JMF: That makes such a huge difference for believers who are serious about their Christian lives, because we don’t experience great highs all the time, and we can go around trying to pretend that we do, to appear righteous and close to God, thinking that that’s what should be happening, so we can put on a façade as though everything is wonderful and everything is great, when everything isn’t and there are tragedies and sorrows and pains. But this deeper level you’re talking about is something that we’re able to see more clearly when we better understand Christ as a real human who has taken a real life up in his ascension to the Father.
GSD: When Paul commands the Philippians in chapter 4 to rejoice, it’s not about a feeling, it’s about an activity. Rejoicing in that sense means saying to myself or saying to others even in the teeth of suffering and even in walking through the valley of the shadow of death saying, “Nevertheless, Jesus reigns.” “Nevertheless, Christ is Lord, nevertheless, he has gone up into heaven and is there in my name and on my behalf. My sins are forgiven and I cannot be taken away from him, so I rejoice and praise you even in the midst of my tears.”
The phrase that you often hear young people saying today, “whatever,” is their way of detaching from something that they don’t like that happens to them. They say, “It doesn’t matter. Whatever.” John Calvin had a wonderful sermon where his refrain wasn’t “whatever,” but “what of it,” and the fact that while we care about what’s going on in life, there’s something so much truer that we can face circumstances and say, “What of it?”
In this sermon I’m thinking of, which happened to be an ascension sermon, Calvin was saying, “This world is filled with troubles and the devils assault us at every moment, but what of it? Christ Jesus reigns in heaven and sends me his power now. This world is full of temptations and often I am weak, but what of it? Christ is in heaven and he is strong and he is strong on my behalf.” I think when we realize that we can replace the “whatever” or even the crushingness of life with the, “What of it? No matter what is thrown my way, Christ reigns and he holds me, then I know at the deepest levels all is well and all will be well.”

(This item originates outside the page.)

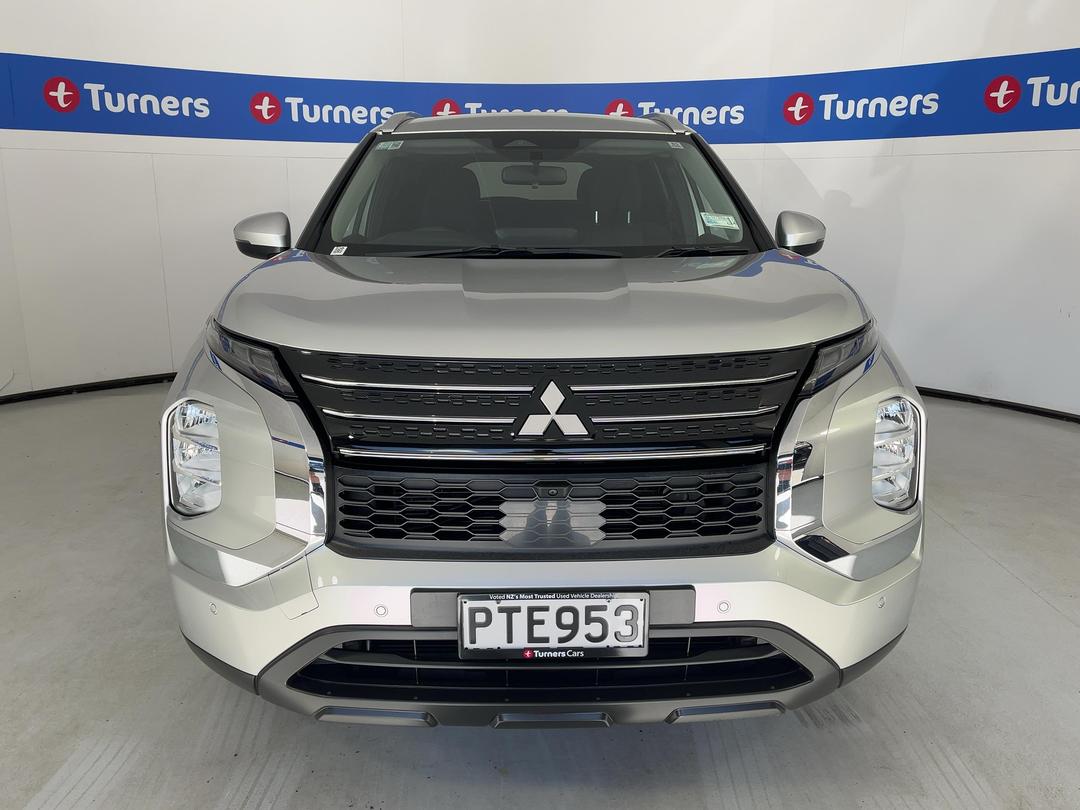 Photo '2' of Mitsubishi Outlander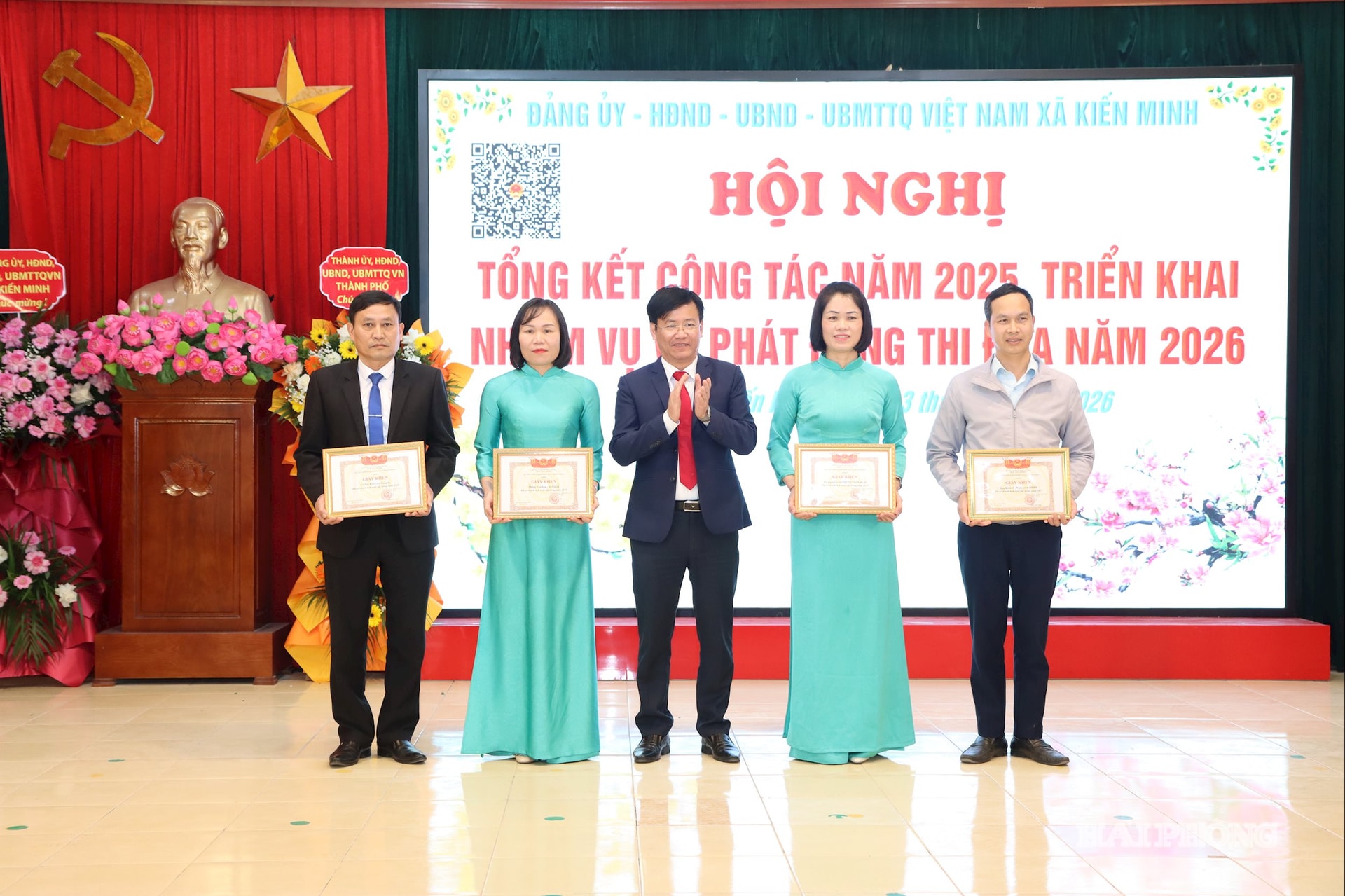 Lãnh đạo UBND xã trao giấy khen tặng các tập thể có thành tích xuất sắc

JMF: In the couple of minutes we have left, let’s talk about how that affects mission. Our sense of being able to have joy in the face of whatever we are facing, how does that affect our responsibility in terms of Christian mission?
GSD: In the same way that the ascension gives us the joy when things are going wrong to know that Christ is reigning, the fact that in his ascension Jesus holds onto his humanity indicates his great concern for this world and for his little ones. It’s the ascended Jesus that gives the church her mission. He’s the one who sends us into the world and says, “What you do to the least of these, you have done to me.”
Augustine has a wonderful quote where he says, “Christ is in heaven glorious as God, but here he is needy and is poor. So worship him as God in heaven, but love him by loving his poor.” Isn’t that wonderful? There’s the church’s whole mission. Worship above to Christ who is God, serve Christ in his poor, Christ who is man here below.